| I'm not a mathematician but I think these are valid concerns. I'm only very superficially familiar with the continuous entropy debate. My understanding is that the continuous version is not quite as mathematically ironclad as the discrete version. The concept of continuous entropy seems to make be useful for reasoning about things. That's been good enough for me. I don't know if Shannon would approve. As for the idea of using only the first two moments, to me, that's just based on the very Bayesian idea of reducing the number of parameters you work with in order to make your models more easily learnable and computable. Most of the time, you only have enough data to do parameter estimates on a limited number of parameters. As you add more parameters, it gets much more difficult to learn as well as mathematically and computationally difficult to manipulate. You also get diminishing returns in terms of predictive power. "The blessing of abstraction", reduction in the number of parameters and possible states in models is the best we have to deal with the "curse of dimentionality". Or as Yudkowski puts it: "Our physics uses the same theory to describe an airplane, and collisions in a particle accelerator - particles and airplanes both obey special relativity and general relativity and quantum electrodynamics and quantum chromodynamics. But we use entirely different models to understand the aerodynamics of a 747 and a collision between gold nuclei. A computer modeling the aerodynamics of the 747 may not contain a single token representing an atom, even though no one denies that the 747 is made of atoms. A useful model isn't just something you know, as you know that the airplane is made of atoms. A useful model is knowledge you can compute in reasonable time to predict real-world events you know how to observe. Physicists use different models to predict airplanes and particle collisions, not because the two events take place in different universes with different laws of physics, but because it would be too expensive to compute the airplane particle by particle. " However, when you do have enough data, easy enough equations and enough computing power to deal with higher moments, by all mean do so! |
And regarding the moments, it's just that the normal distribution is the only distribution with a finite number of non-zero moments. Therefore, constraining higher order moments is not so straight forward.
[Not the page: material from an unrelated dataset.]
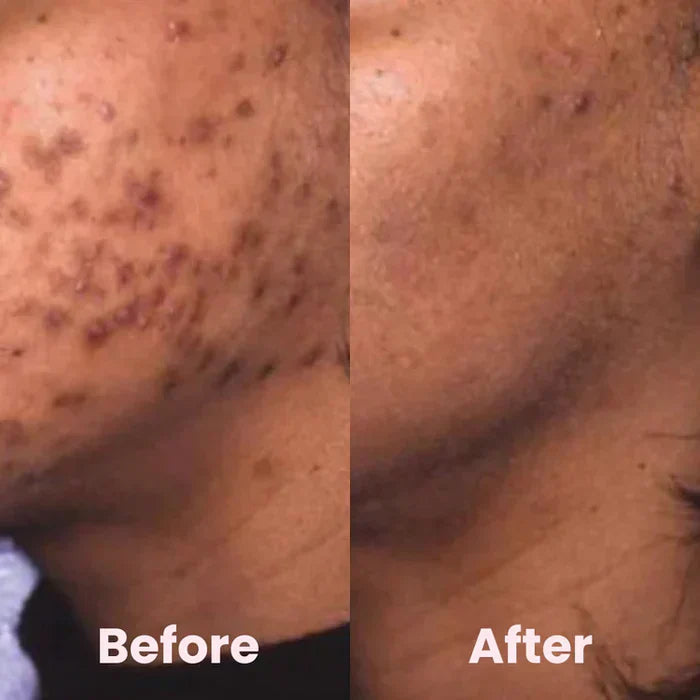 SoothingSkin™ | Beruhige Haut und Geist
Also might be worth noting that technically, if one was sufficiently UNreasonable, one could constrain the target distribution to take on specific values given specific inputs. This would not be very useful in any real-world applications. Then choosing between constraining only the first moment ("minimal" constraints), or constraining each point you've observed to take on the normalized frequency ("maximal" constraints) becomes entirely up to you. Therefore I don't see quite how maxent models give us the tools for deciding between complexity and accuracy, as the maxent models can be on either end of the spectrum depending on what constraints we choose.
(Unsure if you were implying that it did, but nonetheless it might be something to note.)